Problem:
Can you transcribe the data exactly? Leave the pictures out.

Information shown:

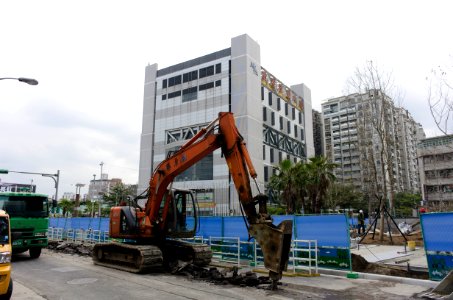Hitachi Zaxis 135US Excavator Digging in Section 7, Shimin Blvd, Taipei 20141220 photo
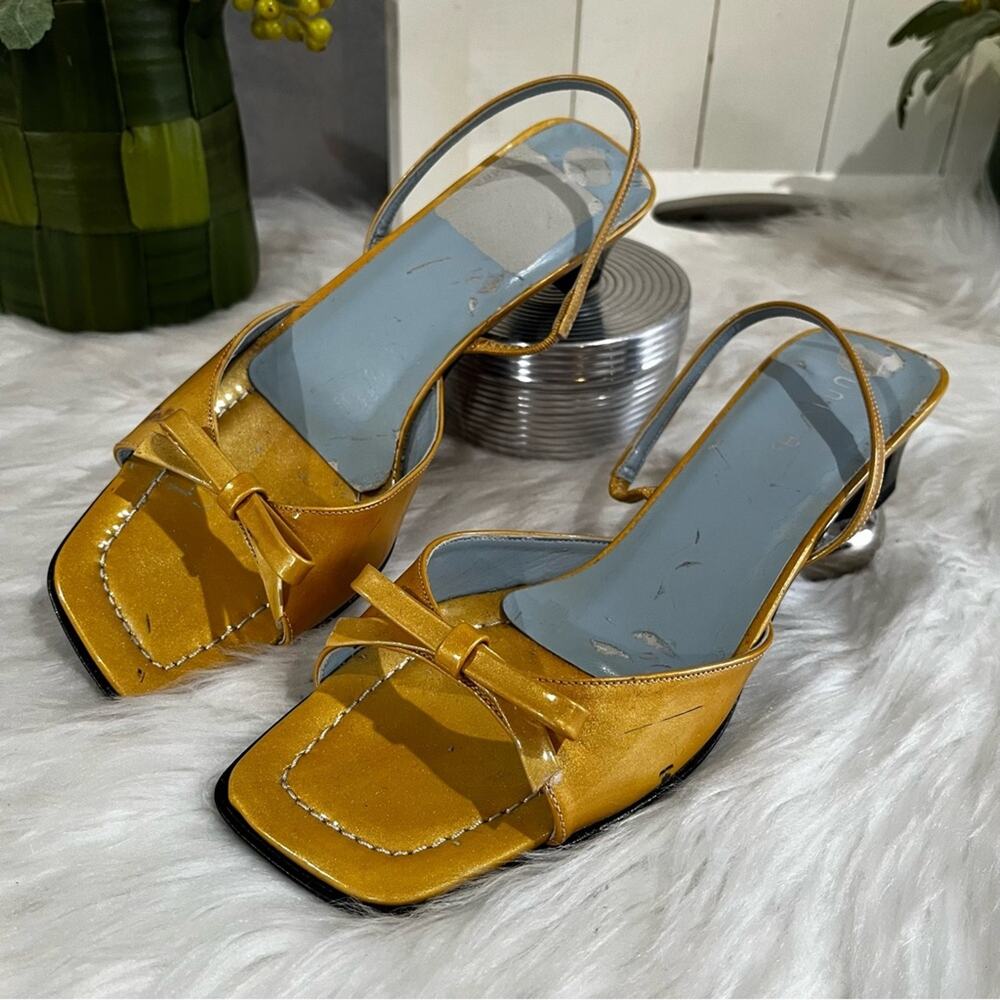 NEW Unisa Vintage 90s Patent Leather Slingback Bows Kitten Heel Sandals 6.5 NWOB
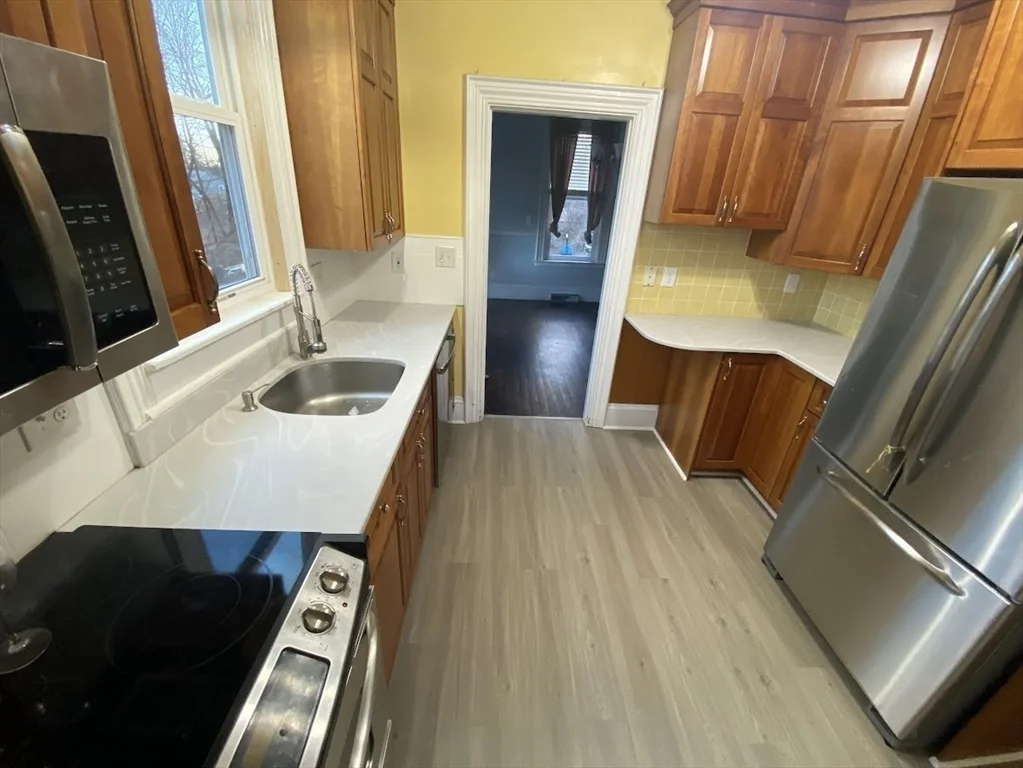 3 bed, 1 bath apartment for rent at 814 Washington St, Dedham — photo 4 of 22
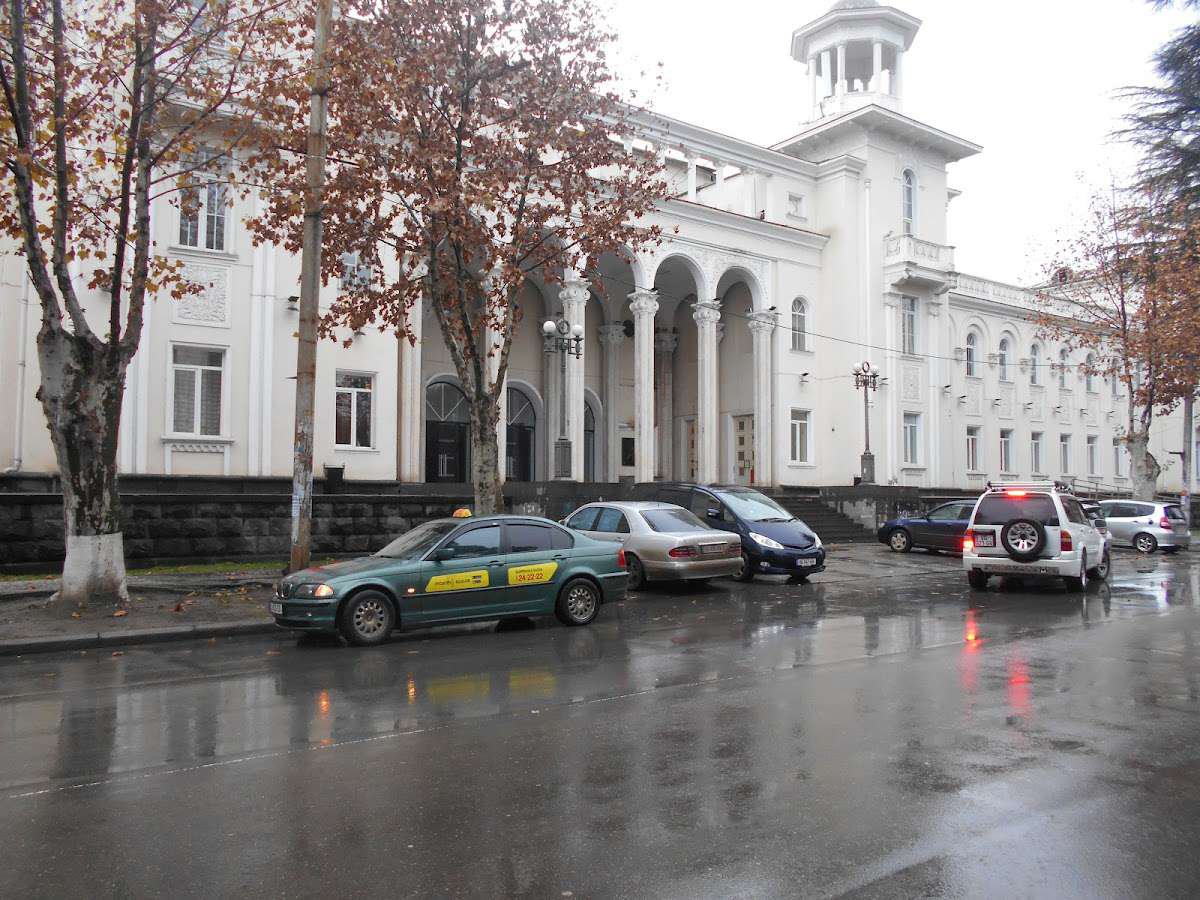 Драматический театр имени Гиги Лорткипанидзе в Рустави_001.jpg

Output for this task:
Hitachi Zaxis 135US Excavator Digging in Section 7, Shimin Blvd, Taipei 20141220 photo
 NEW Unisa Vintage 90s Patent Leather Slingback Bows Kitten Heel Sandals 6.5 NWOB
 3 bed, 1 bath apartment for rent at 814 Washington St, Dedham — photo 4 of 22
 Драматический театр имени Гиги Лорткипанидзе в Рустави_001.jpg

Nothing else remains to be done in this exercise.